Following the decision of the UK Government Defra to close their website for publishing CAP
beneficiary data on a UK basis, we have introduced and passed the Rural Support (Simplification and
Improvement) (Data Publication) (Scotland) Regulations 2025 (the “2025 Regulations”) that came into
force on 1 January 2026 to make our own arrangements for Scotland.
The 2025 Regulations will enable the CAP beneficiary data for Scotland to be published by 30 June
each year for the preceding financial year and to remain available on the Scottish Government website for two years from the date of their initial publication”.
Far from delivering ‘full transparency’, the new regulations (see here) appear to replicate the DEFRA scheme. As a consequence information about payments made to rural landowners will still only remain public for two years. This means the total amount that the Scottish Government has awarded over the years to estates like North Morar will remain hidden from the public and will still only be possible to establish through generally time consuming and lengthy information requests (see below). Making the rural payments history public would also improve transparency about changes in land-use. For example, it would help show when the North Morar estate, which is recorded in the Registers of Scotland as the North Morar Deer Forest, and appears once to have been managed as a stalking estate, first took up farming.
Unfortunately, the response from SGRPID does not reveal where the rural payments data for Scotland,which is due to be made public by the end of the month, will be published. It also remains to be seen whether the Scottish Goverment’s rural payments data base is any more user-friendly than DEFRA’s. One of the major limitations of the DEFRA database was that to find out whether a payment had been made for an area of land, you needed to know the name of the beneficiary or their postcode. Searching postcodes is like looking for a needle in a haystack – the recipients of the rural payments to the North Morar Estate in 2024 have a postcode in Gloucestershire, GL56! – while establishing the names of recipients often requires guesswork. Unless the new SGRPID database is linked to geographical information systems and enables the public to do map searches for payments, much of the little information that is published will continue to remain hidden from the public.
Rural payments and muirburn in North Morar
On 4th June I received a slightly laboured response (see here) to my second information request of 7th May which I had sent to the local office of the Scottish Government’s Rural Payment and Enforcement division in Portree. This started by stating:
‘A search of our system has identified that a beneficiary in the name North Morar Estates received Basic Payment Scheme, Greening, Less Favoured Area Support and Scottish Upland Sheep Support
scheme payments in respect of the 2025 scheme year. The 2026 Single Application Form window
closed on 15 May 2026 and these applications have not yet been processed’.
The amounts of the 2025 payments to the North Morar estate was not provided, presumably because the information will be published at the end of June. The headings given for the payments are slightly different to those published by DEFRA in 2024. The new heading of ‘Scottish Upland Sheep Support’ is significant given that much muirburn in the west of Scotland appears to be carried out to improve sheep grazing.

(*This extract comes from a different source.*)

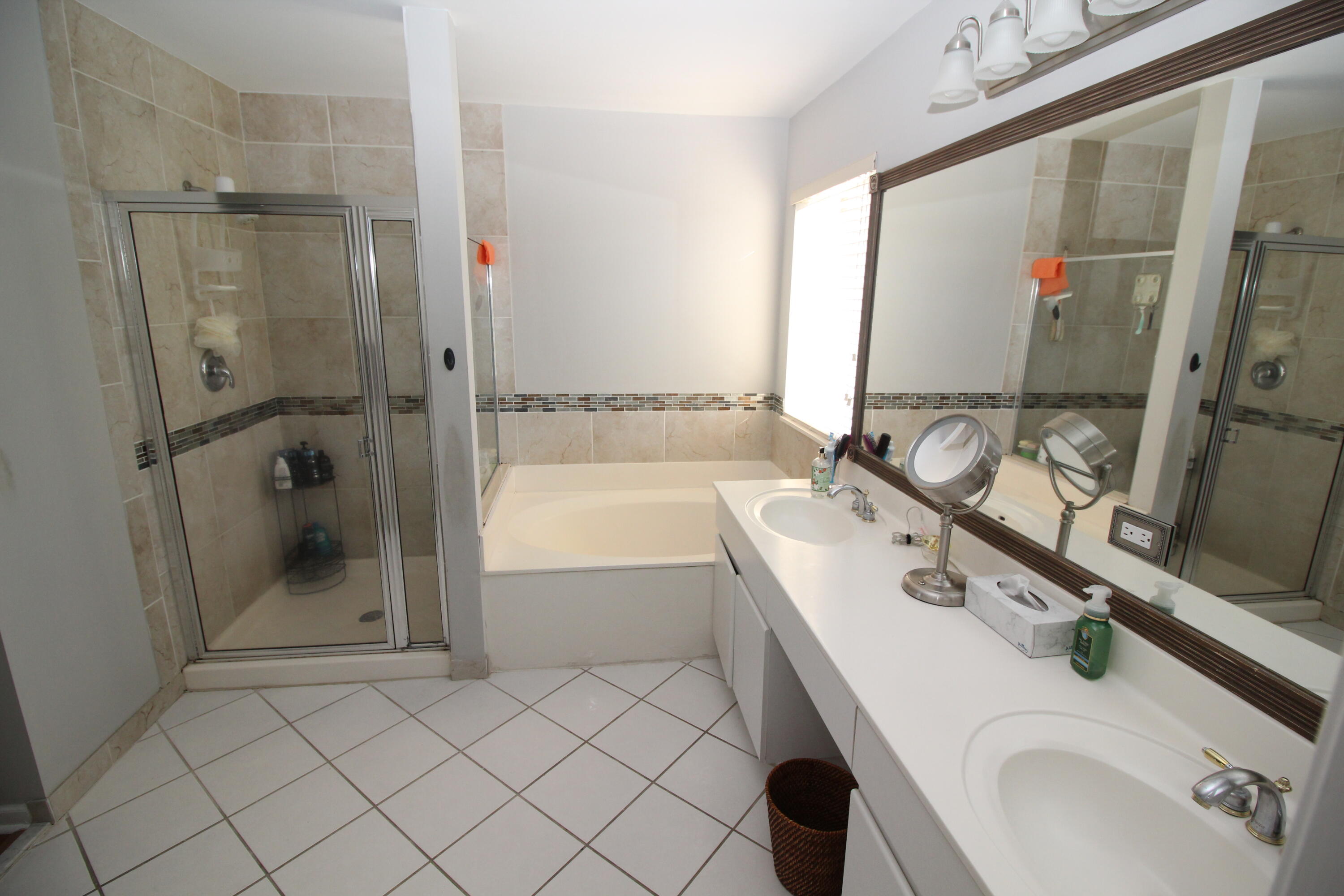 SECTOR 2-PARCELS 1 2 3 4 5 6 7 - Residential Lease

I had also asked in my information request about payments to the two other main landholdings on North Morar:
‘No payments have been made to beneficiaries in the name of Nevis Estate or Bracora Crofters Ltd.
There may be some beneficiaries within the area shown on the map provided that have received
payments in respect of the 2025 scheme year. CAP beneficiary data for Scotland can be found on
the Defra, UK – CAP Payments Search website and searched by beneficiary name, town or postcode.’

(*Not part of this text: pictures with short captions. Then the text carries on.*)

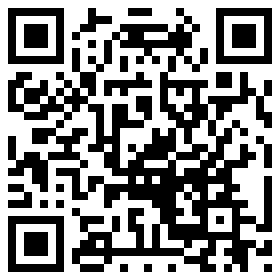 qrcode für JUNG LC582A215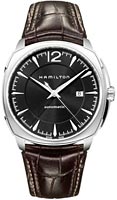 Hamilton JazzMaster 36515535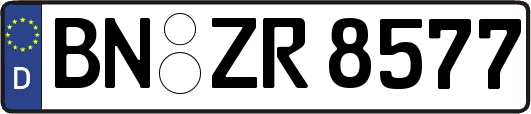 BN-ZR8577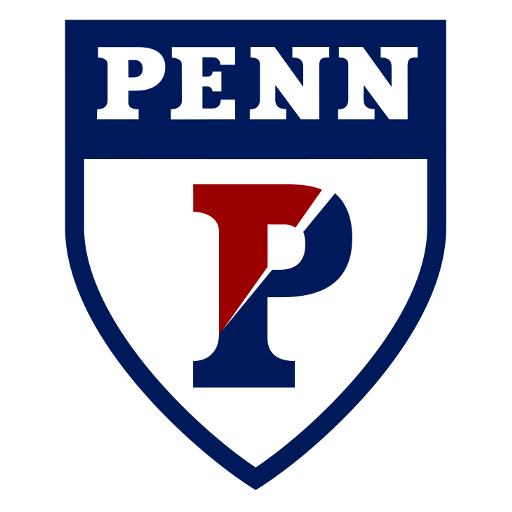 Pennsylvania badge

This shows just how difficult it was to find out from the DEFRA database what rural payments had been made for a specific area unless you knew the name of the beneficiary. It suggests, however, that some of the crofters who manage the intensively burned land on the western part of the land north of Loch Morar may also be receiving rural payments .
The information response then helpfully describes the current system of rural payments and muirburn:
‘Beneficiaries of support scheme payments are subject to Cross Compliance requirements and must meet the Cross Compliance rules to receive their full[my emphasis] payments.’
Under ‘GAEC 6 [Good Agricultural and Environment Conditions] Maintenance of Organic Matter’ claimants must comply with the requirements of the muirburn code. The following would be considered to be a breach of the requirements:
* leaving a fire unattended
* being unable to control a fire or having not made provision for its proper control
* causing damage to any woodland’.
In Morar there have been multiple instances of unattended and uncontrolled fires which have caused damage to trees and woodland although there appears to be no evidence publicly available about who started them and whether the people responsible were in receipt of rural payments.
Additionally, under ‘SMR 2 Conservation of Wild Birds’ claimants must not carry out any activities which are likely to result in the disturbance of birds or the deterioration of habitats affecting birds, including carrying out muirburn outside the burning season (standard muirburn season runs from 1 October to 15 April inclusive, extended to 30 April with landowner permission).’
Given this regulatory framework and the evidence I provided about the fires on 25th April, the Rural Payments and Enforcement Division has now agreed:
‘to investigate if there is evidence of any potential cross compliance breach(es) and take the appropriate action’.
The letter says nothing about whether I, as the member of the public who reported this potential breach of the regulations, will be informed of the outcome of the investigation. It is worth noting too that:
- having taken a month to decide whether to investigate, the chance of the investigation being able to determine who was responsible, which was never high, is now likely to be negligible;
- even if the beneficiaries of the North Morar estate admit they were ultimately responsible for the two fires, they are only likely to lose a proportion of the payment.
Enforcement of the Muirburn Code needs to get real
The response from the Scottish Government’s Rural Payments and Enforcement division startd me wondering about how many other large fires on crofting land in the West they have investigated since the Muirburn Code first came into existence. Given the size of some of the fires on North Morar, staff based at Portree should have been able to see the smoke outside their office windows. I will now ask.
Establishing who is responsible for unlawful muirburn, however, is likely to be even more difficult than finding those responsible for the illegal killing of raptors (see here). To start a fire, all a member of estate staff or tenant needs is a can of petrol and a lighter, items that are not controlled unlike the guns, traps and poisons used to kill raptors.
The provisions of the Wildlife Management and Muirburn (Scotland) Act 2024 (Clause 12(2)(b) make it an offence, punishable by a £5000 fine, for a person to ’cause or permit another person to make muirburn’ contrary to the provisions of the muirburn licensing scheme when it is introduced. The loophole this creates is similar as for raptor persecution, how can anyone prove that a landowner has permitted the offence to take place.
The weakness of the legislation makes it even more important that the Scottish Government’s Rural Payments Division uses cross compliance and its enforcement powers to end the uncontrolled use of muirburn to manage land on the west of Scotland. Part of what is needed is active monitoring – it is now easy to track fires through the EFFIS or FIRNS satellite databases – along with a rapid investigation of any that appear to have taken place outwith the provisions of the Muirburn Code.
Where there is reasonable cause to believe a fire was deliberate and contrary to the Muirburn Code, as in the case of those I reported for the North Morar estate, there is a strong case that the Scottish Government should then just suspend payments to the landowner concerned and put the onus on them to show they had not caused or permitted the fire. Certain landowning interests would no doubt complain, claiming it was unfair that landowners should lose money for fires that might have been started by the public, but the receipt of rural payments is not a right and never should be.